I would like to say that we stole the show at yesterdays hearings. However, that honour belongs to Jim McNally, a resident along the route of the proposed interconnector. Jim made a passionate and detailed case against the project. Put simply he was outstanding - Maith Thú Jim!
It is important to acknowledge the huge community effort that has been invested against the plans of EirGrid and NIE throughout the five affected counties. The companies seriously underestimated the level of opposition they would encounter. At often huge personal cost, financial and otherwise, community representatives have challenged and matched the unlimited resources of the state's apparatus. We can only hope that An Bord Pleanála will do the right thing from a planning perspective and reject EirGrid's flawed planning application.
One way or another, the communities involved can be assured of the full support of Sinn Fein - the only party to have adopted, as policy, the position that all such electricity networks should be undergrounded.
My remarks to the oral hearing:
I wish to begin by thanking the inspector and the board for affording my party colleagues and I the opportunity to address this oral hearing.
I wish to also record my party’s view once again that developments such as this that will, one way or another, have a significant developmental impact on any county, should be subject to the planning process in that particular county. In this case Counties Monaghan, Meath and Cavan will be, in Sinn Féin’s view, subjected to development which will have a significant negative impact across an array of barometers that have been outlined in our submission and those of other organisations. Therefore I want to reiterate our opposition to the Strategic Infrastructure Act.
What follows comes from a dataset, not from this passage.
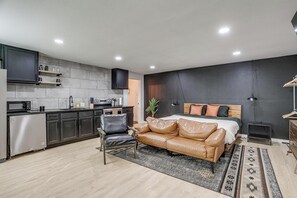 1 bedroom, internet, bed sheets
Nevertheless we are where we are and I am hopeful that An Bord Pleanála will accept the overwhelming arguments that have been articulated by united communities along the entire route of this proposed development, in opposition to the erection of overhead high voltage power lines and associated pylons.
From June 2008 until June 2009 I had the honour of being the Mayor of County Monaghan. In that capacity I visited almost every community in this county at one point or another. I can tell this forum, without fear of contradiction, that there is no issue that unites the people of Monaghan more than this. This is particularly the case in the South and Mid Monaghan areas that would be most directly impacted upon if An Bord Pleanála were to grant planning permission based on EirGrid’s current application.
A question of democracy has arisen. Monaghan County Council has unanimously adopted numerous motions in opposition to this application and in favour of the underground option for the inter-connector; so too has every municipal authority in the county; likewise every Oireachtas member from this constituency has issued statements in support of the local communities. Therefore the question must be asked; can and will An Bord Pleanála override the entire democratically elected opinion from any given county simply on an interpretation of government policy which in my mind, based on the statements of government Oireachtas members locally, is vague to say the least on the issue of underground versus overhead development of electricity networks.
I would like to deal broadly with the potential Environmental Impact of the proposed development.
The EIS presented by EirGrid has been described as containing ‘limited information’ by senior Monaghan County Council planners on matters of such importance as justification for the chosen route of the inter-connector. If the EIS fails to satisfy senior planners with regard to such a central matter then how can it possibly satisfy local communities with regard to wider Environmental concerns?
It is Sinn Féin’s contention that this application contravenes vital aspects of the County Development Plans of the three affected counties in this state. I want to refer to elements included in the Monaghan County Development Plan because that is the one that I am familiar with.
Policy ENV 2 of the Monaghan County Development Plan states that it shall be a priority of the Planning Process to “Protect the landscapes and natural environments of the county by ensuring that any new developments in designated sensitive rural landscapes do not detrimentally impact on the character, integrity, distinctiveness or scenic value of the area”.
Policy ENV 3 states that the Planning process will “Sustain, conserve, manage and enhance the landscape diversity, character and quality of the County for the benefits of current and future generations”.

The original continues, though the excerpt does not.